Attention southbound cruisers: Laura, Debbie and Louis of the San Francisco-based Beneteau 42s7 First Cirque report that the brand new fuel dock at the Marina Riviera Nayarit in La Cruz is now fully operational. This is good news indeed for those headed to Banderas Bay, as there was no fuel dock near the poplular La Cruz and Punta Mita anchorages previously.
The best news, though, is that diesel in Mexico costs about half what it does in the Bay Area — $2.45/gal compared to $4.80/gal. We should note, however, that part of the disparity is due to the fact that the Mexican government subsidizes fuel. Don’t look for the U.S. government to follow suit any time soon.
Tragedy struck in Venezuela Saturday night when three men boarded Ken and Cathy Peters’ sailboat Chill in an apparent robbery attempt. Local authorities report that Ken Peters, 55, tried to defend himself and his wife with a gun, wounding one of the attackers, but was shot to death.

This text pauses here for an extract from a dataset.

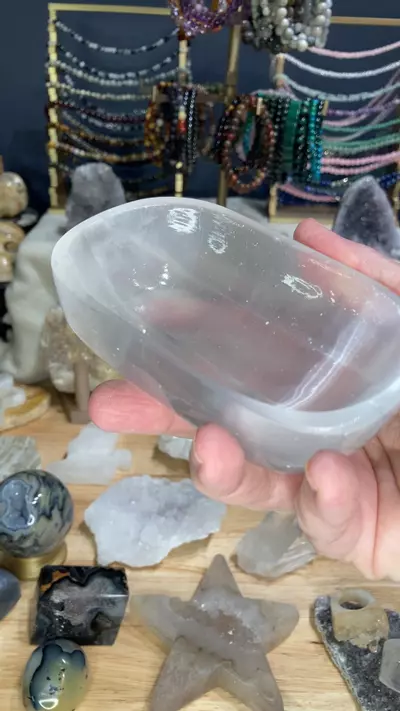 plant/Selenite bowl-0-thumbnail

Also wounded in the attack was fellow cruiser Steve Davis of the Hunter 37 I’Lean, who was aboard Chill at the time and was shot in the leg. Cathy Peters and Steve’s wife Gloria were not reported to have been injured. Authorities also report at least one suspect has been detained.
This terrible crime is reminiscent of the death of Daniel Dryden, a cruiser killed in Guatemala during a robbery attempt in August. Beyond the attacks themselves, both occurred after the cruisers had moved their boats from a marina to an anchorage in preparation for an early departure. Chill and I’Lean left Bahía Redonda Marina Saturday for their return trip to the U.S., staging at Isla Borracha near Puerto La Cruz. The Drydens moved their Southern Cross 39 Sunday’s Child from a marina to get used to living at anchor before leaving port. Additionally, the owner of a French catamaran was shot to death in September while at anchor in Venezuela. While anchoring is a wonderful aspect to cruising foreign waters, it would seem wise for cruisers in these areas to stick with the herd and stay at marinas whenever possible.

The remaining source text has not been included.